Die neuen Götter aber starrten tränenschwül
Mit ratverlaßnem Blick ihm nach. Von Schamgefühl
Des Sonderglücks verwirrt, von Mitleidsschreck gelähmt
Und von des Königs haßerfülltem Fluch vergrämt.
Indes in ihre Trübsal eine Ahnung zündet,
Wohin dereinst ihr ähnlich Schicksal gleichfalls mündet,
Und jeder sprach zu sich: «Warum? weshalb? wozu?
Zum schwarzen Pfahl, was tröstet mich der rote Schuh?
Warum den Umweg über Glanz und Herrschaft winden,
Um schließlich gleichwohl hier den jähen Sturz zu finden?
Was später doch geschehen muß, gescheh uns frühe.
Hier lieg ich.

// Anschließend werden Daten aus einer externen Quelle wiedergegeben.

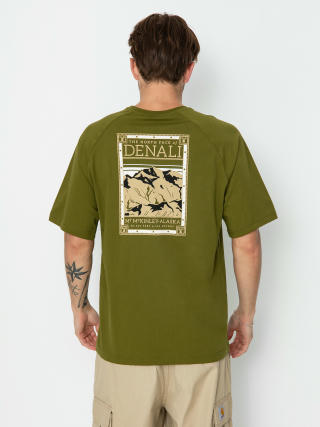 The North Face North Faces T-shirt (forest olive)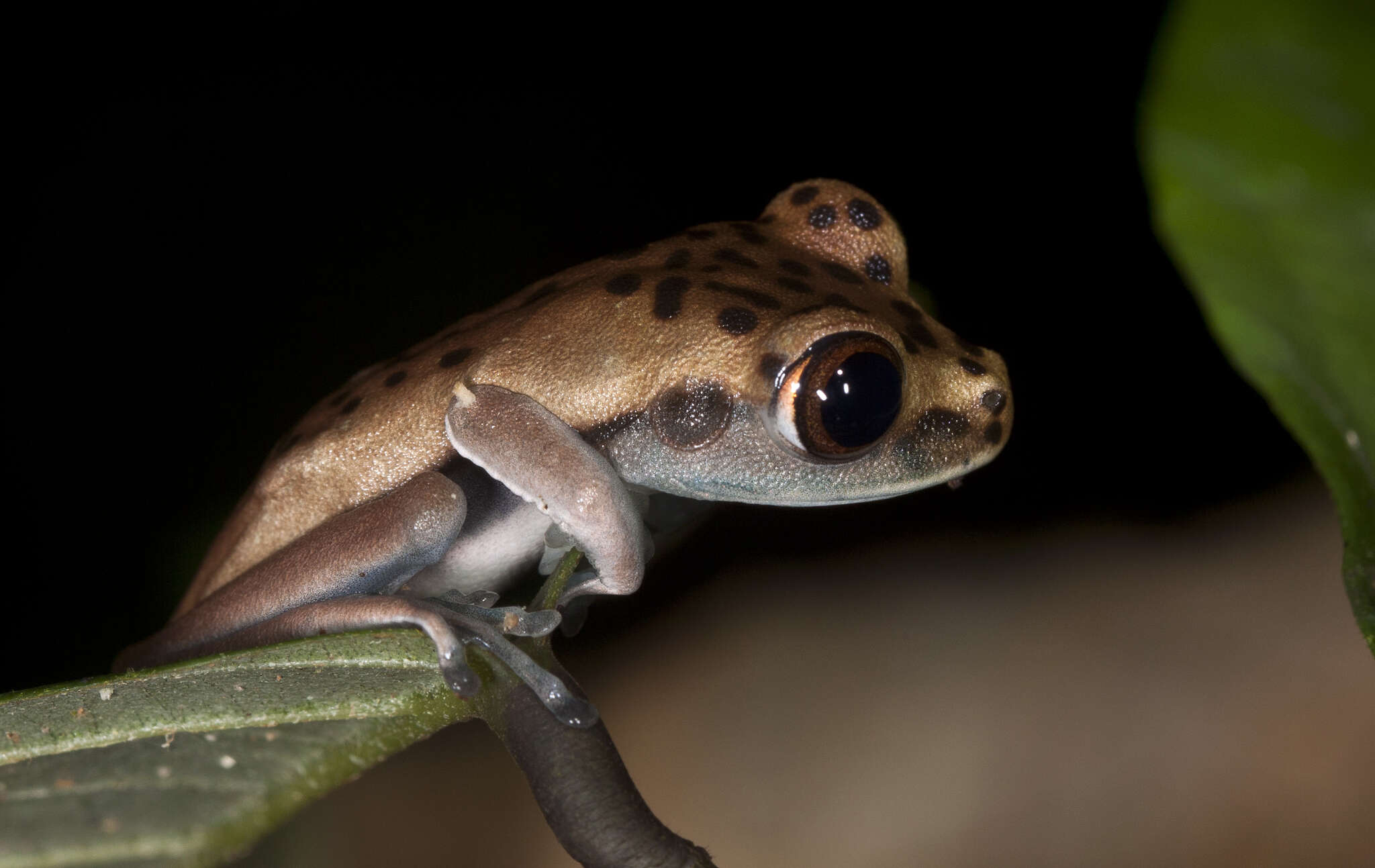 Image de Boana appendiculata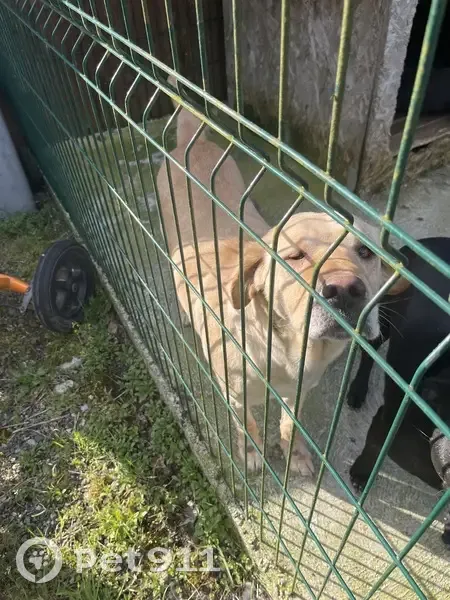 Chienne unie œil trouvée, propriétaire recherché - photo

Sich bewegen lohnt mir nicht die Mühe.»
Mit diesen Worten warfen sie sich steif und schwer
Mit ausgestreckten Armen jetzt für tot umher,
Trotzig erwartend, welch ein Wunder sich begebe
Und wie Anankes Machtwort sie von hinnen hebe.

Doch als allmählich mehr und mehr sich nichts begab,
Kein Schwefel schlug herauf, kein Donner stieß herab
Und Stund um Stund vorüberzog und sie vergaß,
Standen sie kleinlaut auf und wanderten fürbaß.